Des paroles de l’Évangile, réminiscences de ses années de catéchisme, reviennent à l’esprit de Josépha.
« Que celui qui n’a jamais péché me jette la première pierre.
— Évitez de prononcer ce genre de phrases. Dans votre bouche, elles sonnent comme des blasphèmes. »
Josépha se lève. Elle n’est même pas en colère. Du dégoût et de la pitié, c’est tout ce que lui inspire son accusateur. Elle a brisé ses chaînes. Pour la première fois de sa vie, elle se sent libre. Elle fixe à tour de rôle Pluto, Mme Ploquin et ses collègues (pas facile de capturer leurs yeux papillonnants).
« Ne vous tracassez pas : je préfère mille fois la prison à l’illusion de liberté. J’ai tranché mon fil, la trame finira par s’effilocher toute entière (elle pointe l’index sur le pasteur). Un jour, ces mecs s’étoufferont dans leur propre mépris.

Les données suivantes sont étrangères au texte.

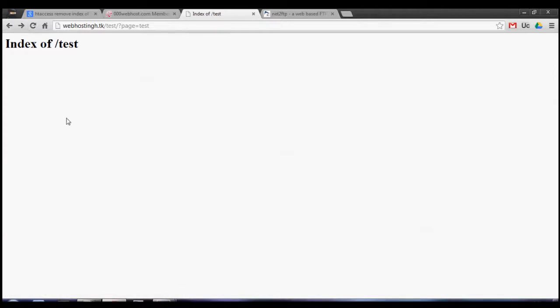The only problem is that in most servers I've tried this on, it doesn't get rid of the 'index of' forward slash folder title, which is a downside.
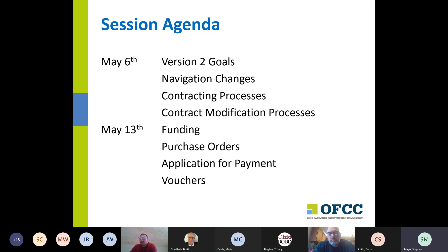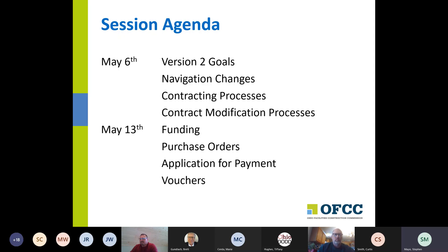Ideally all participants will be able to attend both sessions, and if you can't attend one, that's okay. We are recording this session and that recording will be available on the OFCC website. Go to the OFCC website and you'll see headline articles related to the version 2 release. If you follow those, you'll find not only the recording from today but also the recordings from the five sessions we did with the architects and contractors. So there's an opportunity to learn a lot about the changes made in version 2.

— Emmenez-la ! » vocifère Blanchard, soudain hors de lui.
Personne ne bouge dans l’arrière-boutique.
« Vous m’entendez ? Emmenez-la ! »
Pluto prend une profonde inspiration avant de marmonner :
« Emmenez-la vous-même, mon vieux. »
Il redresse la tête et soutient sans ciller le regard assassin du pasteur. Josépha choisit cet instant pour sortir de la fausse mercerie. Aucun de ses collègues ne tente de l’en empêcher.